No matter how you perceive it, it's true. We feel it in our hearts and we know it in our minds, yet we behave as if it's you or I. There is no we.
You'll have to excuse me, though -- I'm still coming down from Burning Man. My default-world verbiage hasn't quite fallen back in line.
I recently watched Incubus and Linkin Park play for 25,000 people in Los Angeles. Two of the biggest bands in rock radio for more than a decade teamed up for about a dozen and a half dates in what became the No. 1 tour of the summer.
There's something about the way being part of a crowd creates an energy. We re-discover a sense of meaning as we connect to something larger than ourselves, however fleeting.
Yes, music transcends. But to quantify how powerful 12 notes can be, think about this:
Linkin Park and Incubus have a combined reach of more than 50 million on Facebook, 2 million on Twitter and during this quick Honda Civic Tour they performed for hundreds of thousands of adoring fans in a matter of weeks.
It's this combination of the intangible and the measurable that provides my thesis that music is one of the greatest vehicles we have for real social change.
More than $350,000 was raised for charity on the Linkubus tour, and it wasn't really all that difficult.
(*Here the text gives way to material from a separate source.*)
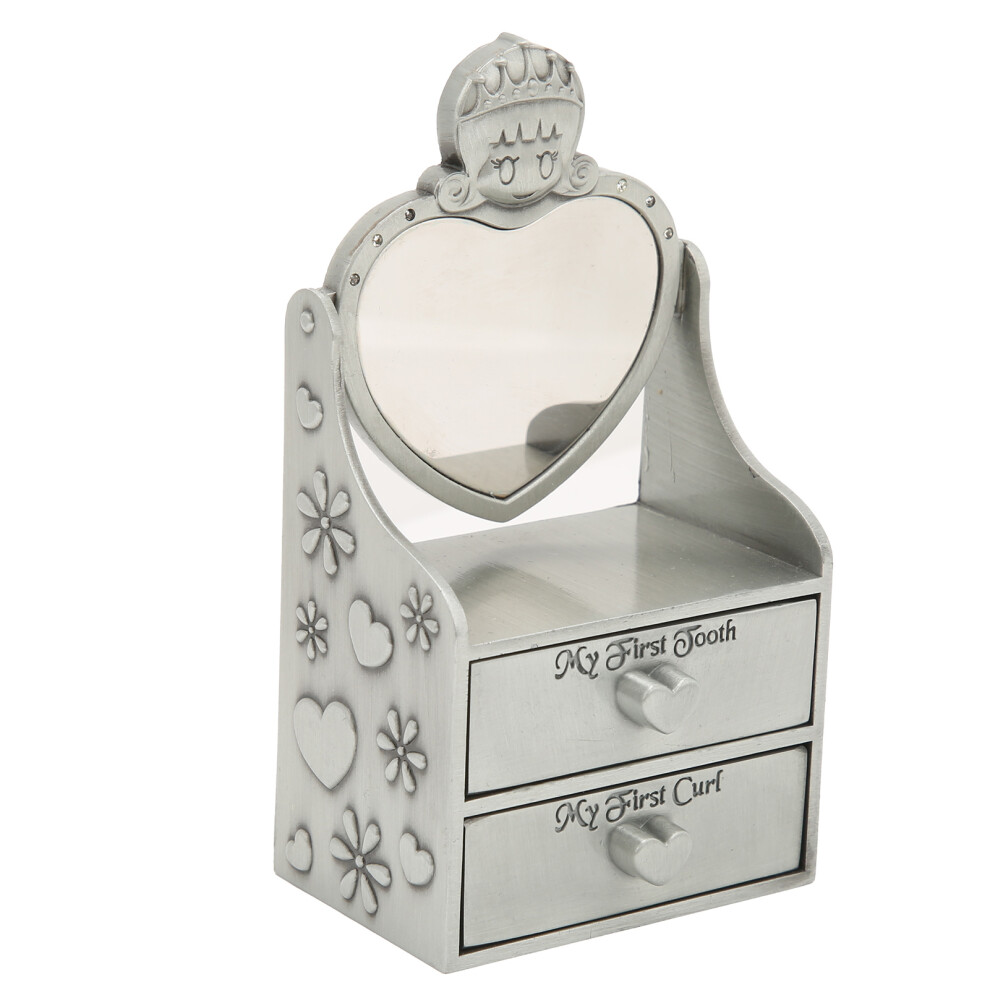 Women's Baby Keepsake Box Cute Corrosion Resistance Durability Fashionable Appearance Tooth Fairy Gifts For Girls Boysancient Tin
What it demonstrates is that if we really want to move the needle, we need to properly leverage the collective reach of multiple artists.
"Whenever people come together to combine their efforts the result is an exponentially greater impact. I believe this is true for artists working to support a cause primarily because of the power of our fans. Our voices are louder and our strength is greater when we team up with artists like Incubus for the Honda Civic Tour, and when our fans join us, the results are incredible," Linkin Park bass player Dave "Phoenix" Farrell explained in an email.
Let's back up for a second. I should point out that both bands have their own nonprofit.
Nine years ago, Incubus started The Make Yourself Foundation and since has made it into a nightly pre-show ritual to do a meet and greet with fans who have won VIP packages on eBay -- all proceeds benefiting MYF.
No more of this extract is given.